Con grande spregio del pericolo, Stallone rimette mano alla mitologia di Rocky Balboa, pietra angolare della sua persona pubblica, mentre De Niro riprende il ruolo di Jake La Motta, trasformato però in un soddisfatto manager di un ristorante e proprietario di un autosalone. Se Sly riparte da zero, come Rocky, ossia dalla fabbrica, dove i suoi compagni sono licenziati senza troppi complimenti dopo trent’anni di servizio, De Niro è integrato nella catena alimentare della società dello spettacolo. Il figlio del suo ex manager (che assomiglia molto a Don King) vorrebbe che Sly tornasse sul ring per suonarle all’uomo che gli ha preso la moglie e la boxe. Sly, però, da uomo tranquillo, non ne vuole sapere. Gli basta quello che ha. Non c’è bisogno di procedere nel riassunto della sinossi per sapere come finisce ma, ed è qui che sta esattamente la colta sofisticazione popolare di Stallone cineasta e narratore, si sospende l’incredulità dopo i primi minuti di film, ci si abbandona al piacere purissimo del racconto, si ride alle battute a volte scontate e si partecipa felici di un rito collettivo che non ha bisogno di molte motivazioni o giustificazioni per essere celebrato. Lo schema, ancora una volta, è quello di Fuga per la vittoria: ossia a volte è possibile tornare a casa. E vincere. Segal, che nel mondo di Aldrich o Hill non durerebbe un secondo, si gioca la carta della sitcom di periferia, e azzecca persino qualche squarcio di fabbrica, un interno operaio e l’inquadratura della credenza di Stallone piena di scatolame. Per il resto si lascia guidare per mano da Sly che come regista non è secondo a nessuno.

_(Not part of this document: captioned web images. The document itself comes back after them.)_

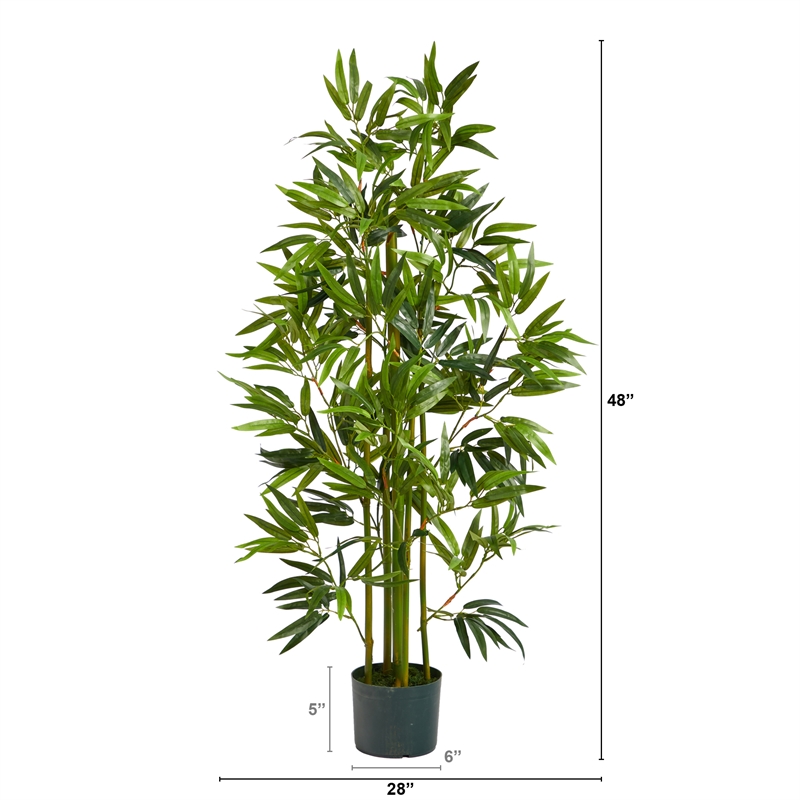 Nearly Natural 4ft Bamboo Artificial Tree in Green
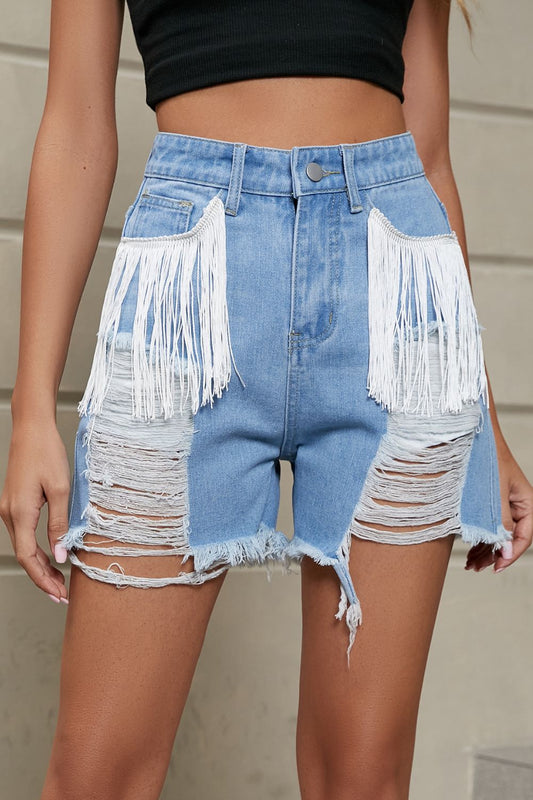 Fringe Trim Distressed Denim Shorts with Pockets - Premium Shorts from Trendsi - Just $29! Shop now at noTORIous + co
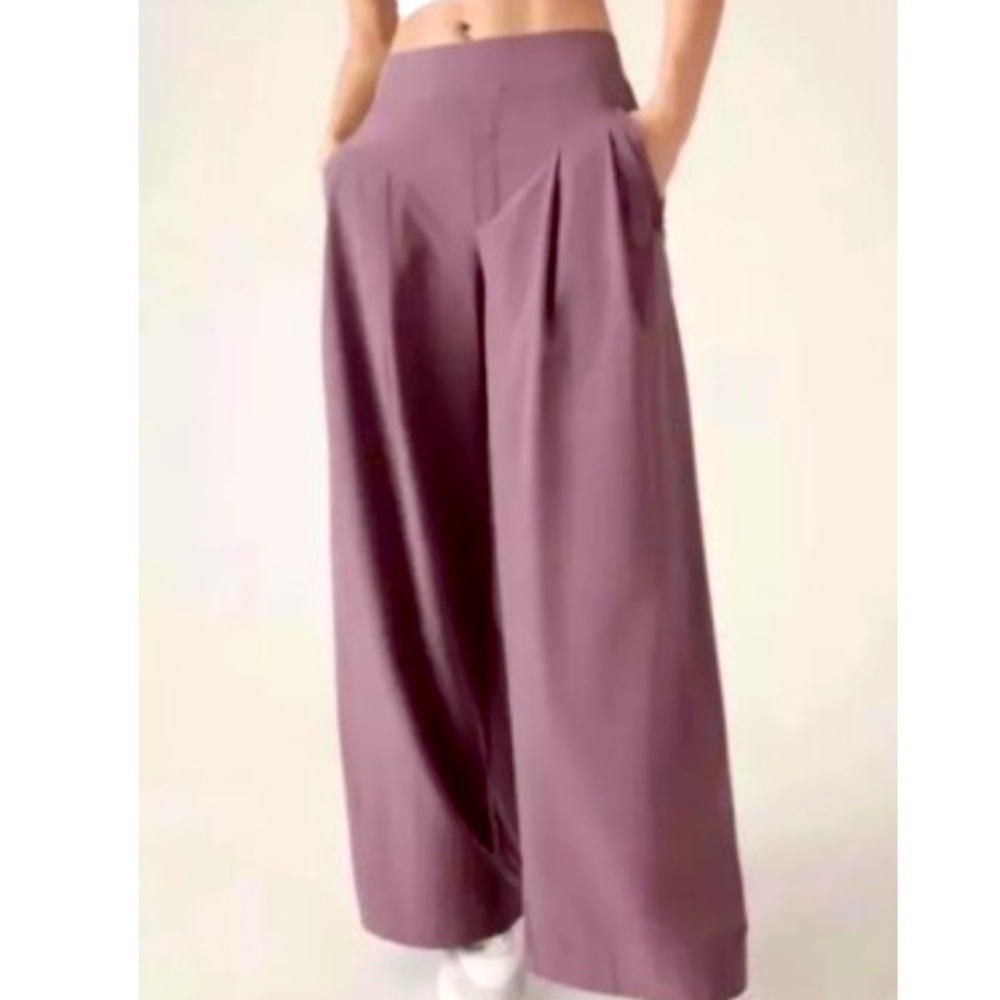 Athleta Brooklyn Heights High Rise Pleated Wide Leg Pants 2 Mauve Casual Stretch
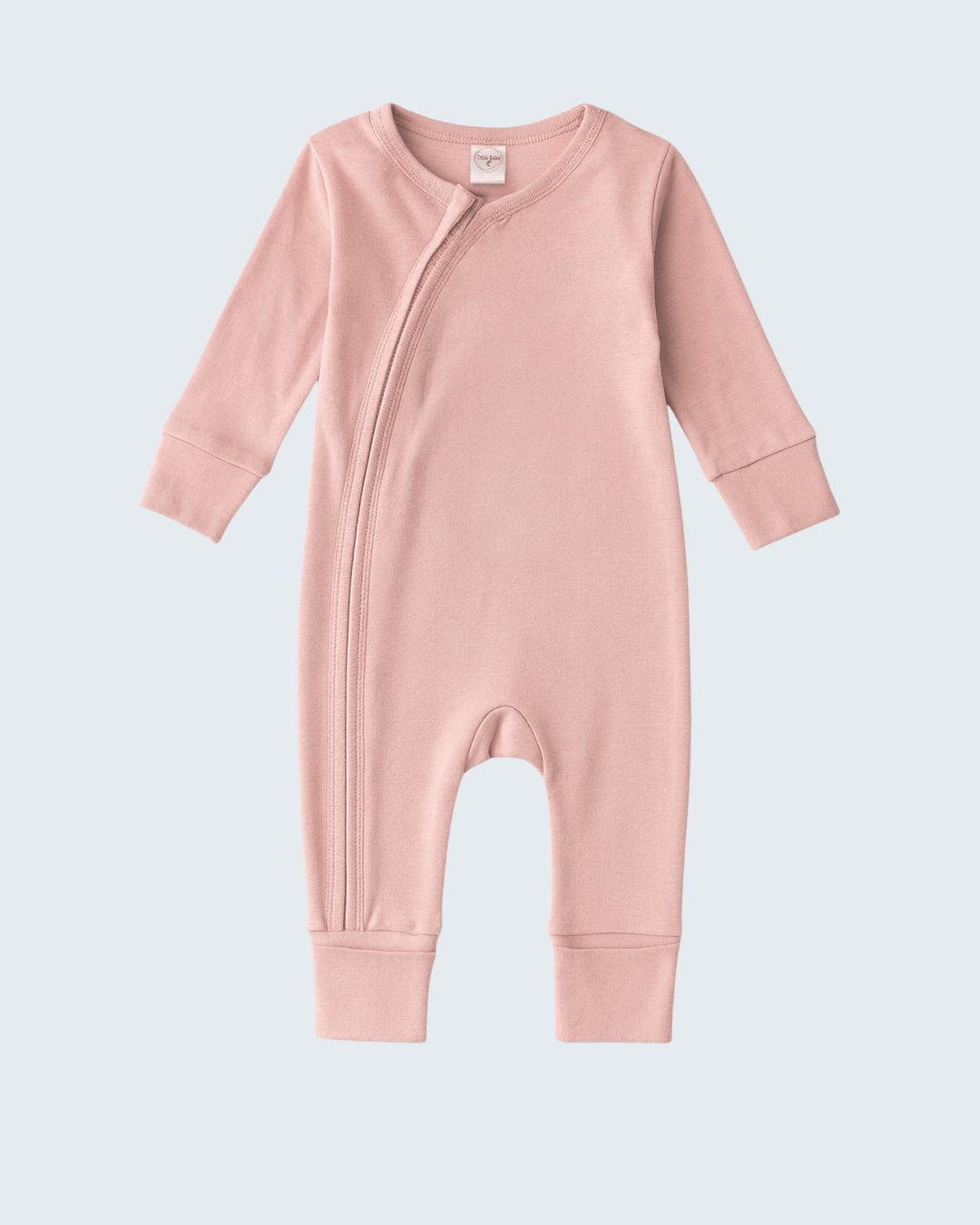 Soft coral cotton zip-front long-sleeve romper with convertible cuff hems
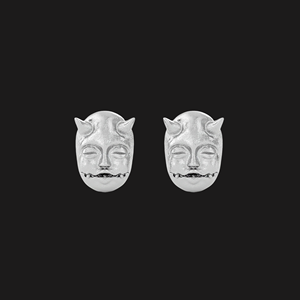 Luxury Moissanite Diamond 925 Silver Demon Face <b>Stud</b> <b>Earrings</b> Gothic Men Womens Statement Jewelry Gift Elegant Fashion Accessory - Product Image 1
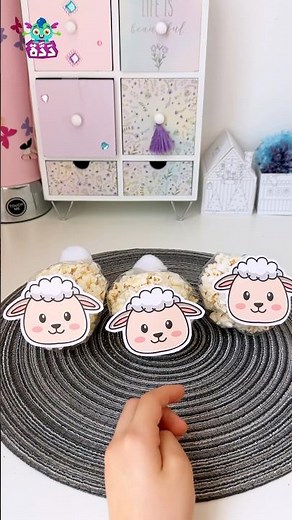 فكرة للاطفال لعمل خرفان صغيرة بالبوب كورن 😍❤️ #artsandcrafts #crafts #hajj #sheep
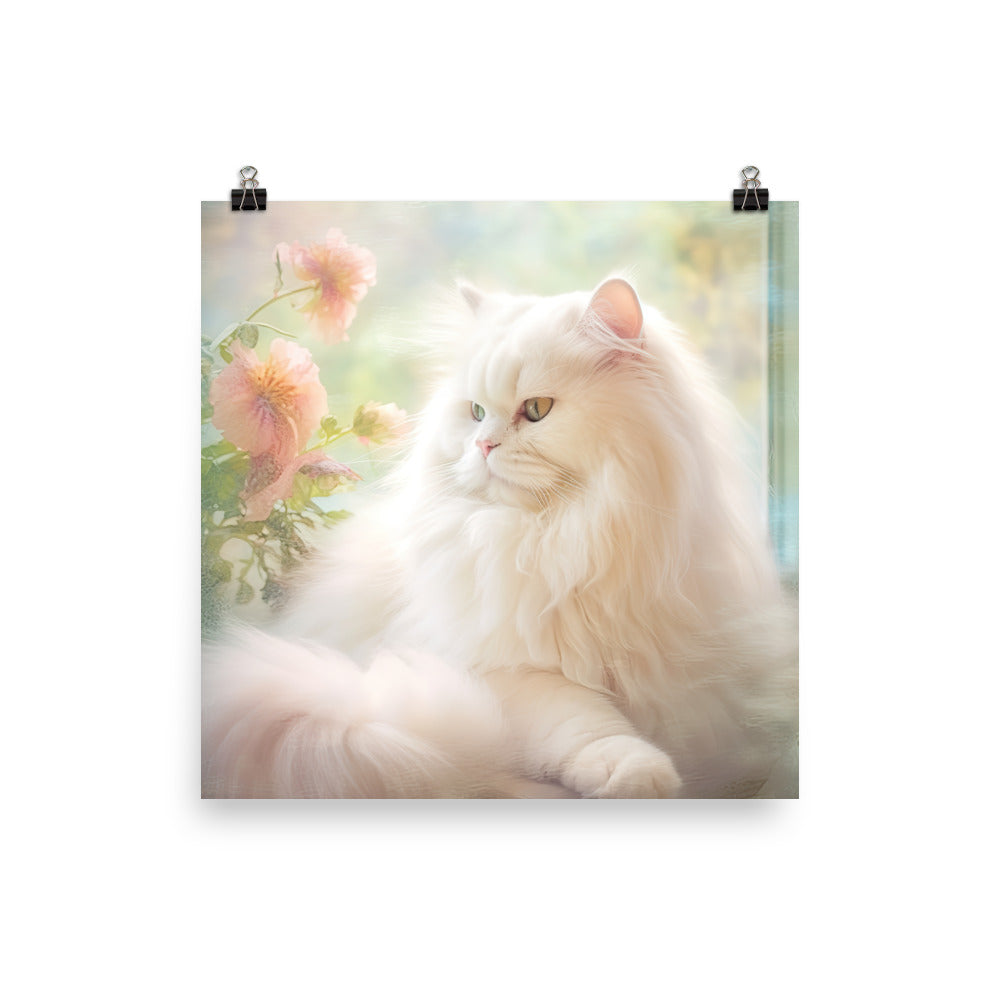 Persian Cat in Dreamy Pastel Photo paper poster - PosterfyAI.com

In termini musicali, Il grande match è come un disco di Southside Johnny o di Dion DiMucci. La musica è sempre la solita, ma ciò che conta è la convinzione dell’interprete. D’altronde sarebbe un gioco troppo facile fare le pulci critiche al film mentre è proprio la sua assoluta inattualità, la ragion d’essere principale di un’operazione che conta solo sulle facce e i corpi dei protagonisti per esistere. Il grande match è cinema popolare allo stato puro. Certo, si potrebbe obiettare che una volta questi racconti erano minoritari rispetto all’industria culturale mentre oggi Il grande match proviene dal cuore dello show business e che, per dirla con Daney, la reinvenzione ingenua dello stereotipo è un errore politico. La differenza, in questo caso, è Stallone: divo e corpo politicamente pre-politico. Lui nasce come racconto popolare, proiezione frankcapriana che sorge nel cuore degli anni Settanta, quando l’America osava ancora sognarsi innocente; esorcismo paramnestico anti-Vietnam che non sarebbe riuscito nemmeno a Rambo qualche anno dopo.

Il grande match è un osservatorio privilegiato per continuare a ragionare su un regista e attore in grado di reinventarsi instancabilmente pur restando fondamentalmente fedele a se stesso senza mai ripetersi. Proprio come i grandi e irripetibili divi della Hollywood di una volta, quando i film di John Ford erano i film di John Wayne.